Even when presented with data of your poor predictions, you do not tend to adjust your confidence in your predictions. You forge on ahead, confident as always, discarding the news.

Kahneman argues the entire industry of the stock market is built on an illusion of skill. People know that on average, investors do not beat market returns (by definition, since the market is an average of all traders in the market, this must be the case). And plenty of studies show that retail investors trade poorly, against best practices—they sell rising stocks to lock in the gains, and they hang on to their losers out of hope, even though both are exact opposites of what they should do. In turn, large professional investors are happy to take advantage of these mistakes. But retail traders continue marching on, believing they have more skill than they really do.

Here are many reasons it’s so difficult to believe randomness is the primary factor in your outcomes, and that your skill is worse than you think:

  • Pride and ego are at stake.
    • The more famous the forecaster, the more overconfident and flamboyant the predictions.
    • Experts resist admitting they’re wrong, instead giving excuses: they were wrong only in timing; they would have been right, but an unforeseeable event had intervened; or they were wrong, but for the right reasons.
  • You take deliberate, skillful steps to guide the outcome. By producing a lot of motion, you think that you can’t be wrong.
    • Stock analysts pore over financial statements and build models. This requires lots of training and makes stock picking seem more rigorous. But this doesn’t answer the real, more difficult question - is the information already priced into the stock?
    • Managers focus on the strength of their strategy and how good their company seems, discounting what their competitors are doing and market changes (“competition neglect”).
    • Your experience shows many instances where your predictions came true —partially because those are most available to you, and you discount your mistakes.
  • You focus on the causal role of skill and neglect the role of luck - the illusion of control.
  • You don’t know what you don’t know. You aren’t aware of most of the factors that influence the final outcome, focusing on only the patterns that you do see.
  • Large monetary incentives are at stake. You are being paid for your skill - if your skill turns out to be irrelevant, you’ll lose your job.
    • A survey of CFOs asked them to predict the “80% confidence interval” of stock market returns.
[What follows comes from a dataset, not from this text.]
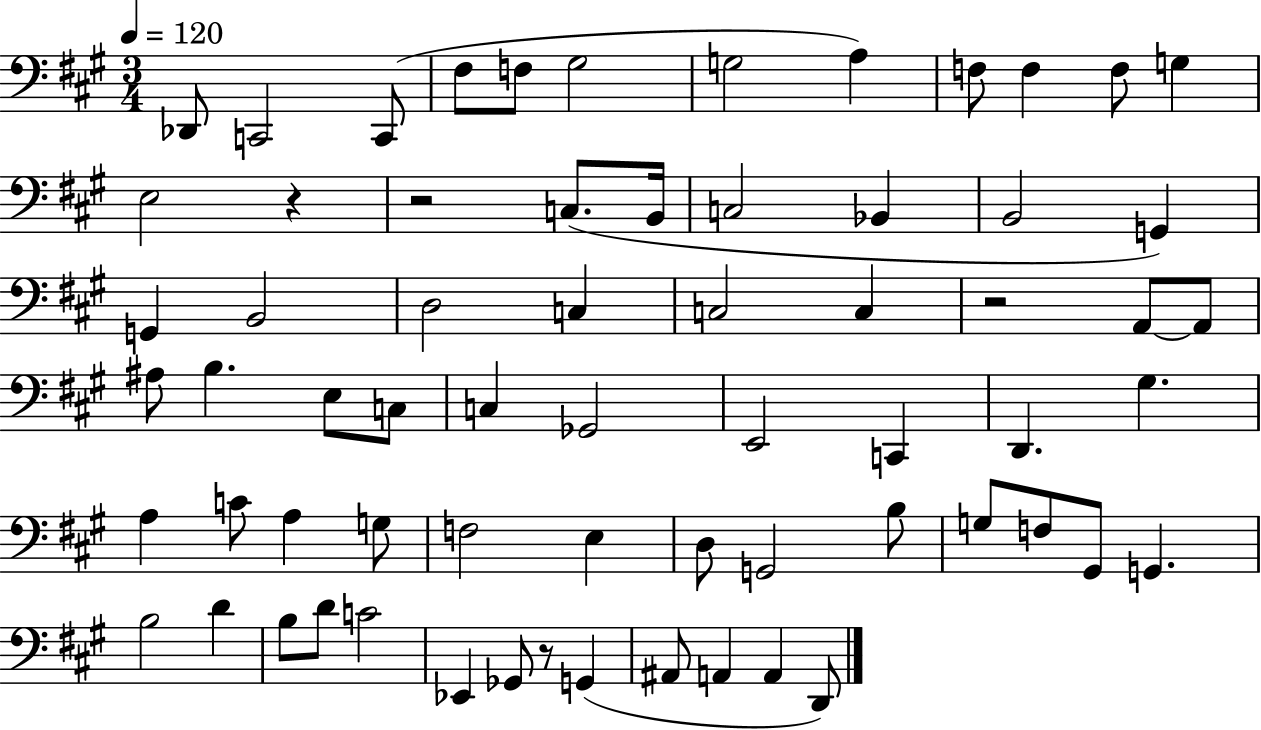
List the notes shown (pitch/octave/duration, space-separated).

Db2/e C2/h C2/e F#3/e F3/e G#3/h G3/h A3/q F3/e F3/q F3/e G3/q E3/h R/q R/h C3/e. B2/s C3/h Bb2/q B2/h G2/q G2/q B2/h D3/h C3/q C3/h C3/q R/h A2/e A2/e A#3/e B3/q. E3/e C3/e C3/q Gb2/h E2/h C2/q D2/q. G#3/q. A3/q C4/e A3/q G3/e F3/h E3/q D3/e G2/h B3/e G3/e F3/e G#2/e G2/q. B3/h D4/q B3/e D4/e C4/h Eb2/q Gb2/e R/e G2/q A#2/e A2/q A2/q D2/e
When you ask someone to make an estimate, the 80% confidence interval is the range between a value the person is 90% sure is too high to be correct and a value the person is 90% sure is too low to be correct. Any result outside this range is considered a “surprise.” The CFOs’ guesses were far too narrow. An accurate 80% confidence interval would only be surprised 20% of the time; but the survey results showed surprises 67% of the time. The real 80% confidence interval was between -10% and +30% returns that year—but any CFO who says this would be criticized as lacking any knowledge.
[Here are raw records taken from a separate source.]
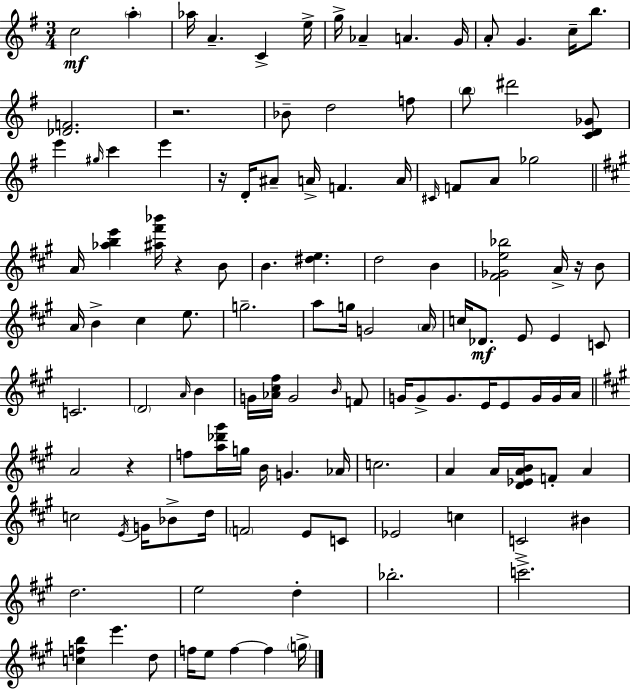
X:1
T:Untitled
M:3/4
L:1/4
K:G
c2 a _a/4 A C e/4 g/4 _A A G/4 A/2 G c/4 b/2 [_DF]2 z2 _B/2 d2 f/2 b/2 ^d'2 [CD_G]/2 e' ^g/4 c' e' z/4 D/4 ^A/2 A/4 F A/4 ^C/4 F/2 A/2 _g2 A/4 [_abe'] [^a^f'_b']/4 z B/2 B [^de] d2 B [^F_Ge_b]2 A/4 z/4 B/2 A/4 B ^c e/2 g2 a/2 g/4 G2 A/4 c/4 _D/2 E/2 E C/2 C2 D2 A/4 B G/4 [_A^c^f]/4 G2 B/4 F/2 G/4 G/2 G/2 E/4 E/2 G/4 G/4 A/4 A2 z f/2 [a_d'^g']/4 g/4 B/4 G _A/4 c2 A A/4 [D_EAB]/4 F/2 A c2 E/4 G/4 _B/2 d/4 F2 E/2 C/2 _E2 c C2 ^B d2 e2 d _b2 c'2 [cfb] e' d/2 f/4 e/2 f f g/4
    • It’s a sign of weakness to be unsure. It can have material marketing consequences to customers or investors, or to staff who want more certainty.
  • Strong social proof in your community can maintain a belief in skill—if all these other smart people believe skill influences the outcome, then they can’t be wrong.
  • Emergencies call for decisive action. In stressful situations, people desire certainty even more. Ambivalent decision making is criticized during these stressful times.